11.2.4 Interaction of Ice Sheets, Sea Level and the Solid Earth
11.2.4.1 Eustasy, isostasy and glacial-interglacial cycles
On time-scales of 103 to 105 years, the most important processes affecting
sea level are those associated with the growth and decay of the ice sheets through
glacial-interglacial cycles. These contributions include the effect of changes
in ocean volume and the response of the earth to these changes. The latter are
the glacio-hydro-isostatic effects: the vertical land movements induced by varying
surface loads of ice and water and by the concomitant redistribution of mass
within the Earth and oceans. While major melting of the ice sheets ceased by
about 6,000 years ago, the isostatic movements remain and will continue into
the future because the Earth’s viscous response to the load has a time-constant
of thousands of years. Observational evidence indicates a complex spatial and
temporal pattern of the resulting isostatic sea level change for the past 20,000
years. As the geological record is incomplete for most parts of the world, models
(constrained by the reliable sea level observations) are required to describe
and predict the vertical land movements and changes in ocean area and volume.
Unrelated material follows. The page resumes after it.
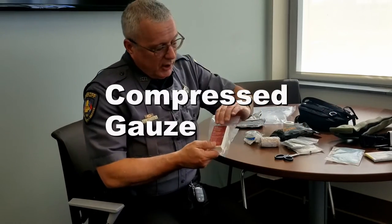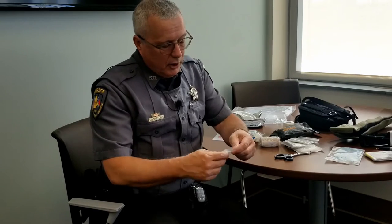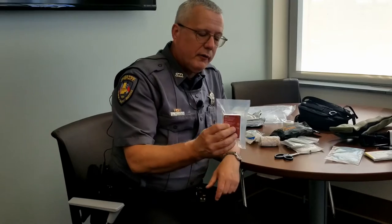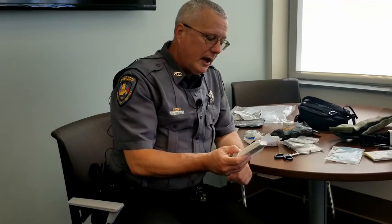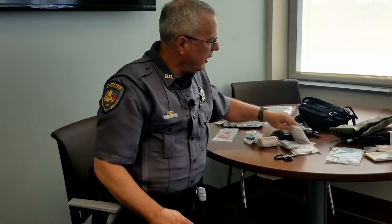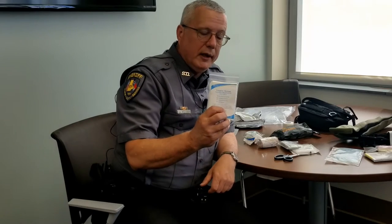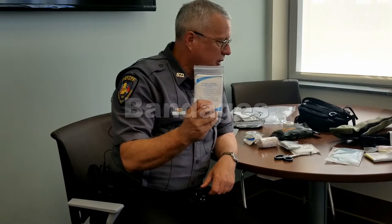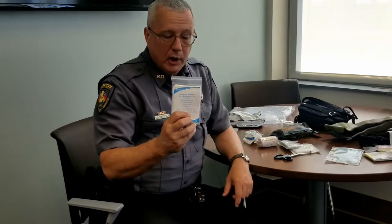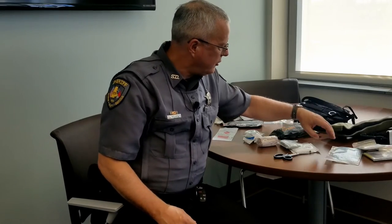This is simply compressed gauze. When you open this packet — and these things can be really difficult to open — notice where the tabs are. You open it by just peeling it off, and this will become about six feet of gauze, which can be really useful for controlling bleeding. This is a triangular bandage, useful for securing a splint to an arm, or you can use it as a makeshift sling for an elbow fracture or something of that nature.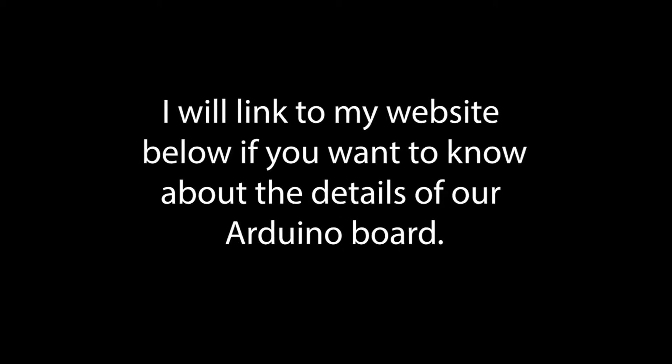This video shows a project I made in graduate school at the University of Washington with my classmate Ju O. We learned how to use an Arduino board to create a working prototype of our project. I will link my website below if you want to know about the details of our Arduino board.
Relative sea level changes caused by lithospheric processes, associated for
example with tectonics and mantle convection, are discussed in Section
11.2.6.
Figure 11.4 illustrates global-average sea level
change over the last 140,000 years. This is a composite record based on oxygen
isotope data from Shackleton (1987) and Linsley (1996), constrained by the Huon
terrace age-height relationships of Chappell et al. (1996a), the estimate of
the LGM sea level by Yokoyama et al. (2000), the late-glacial eustatic sea level
function of Fleming et al. (1998), and the timing of the Last Interglacial by
Stirling et al. (1998). These fluctuations demonstrate the occurrence of sea
level oscillations during a glacial-interglacial cycle that exceed 100 m in
magnitude at average rates of up to 10 mm/year and more during periods of decay
of the ice sheets and sometimes reaching rates as high as 40 mm/year (Bard et
al., 1996) for periods of very rapid ice sheet decay. Current best estimates
indicate that the total LGM land-based ice volume exceeded present ice volume
by 50 to 53x106 km3 (Yokoyama et al., 2000).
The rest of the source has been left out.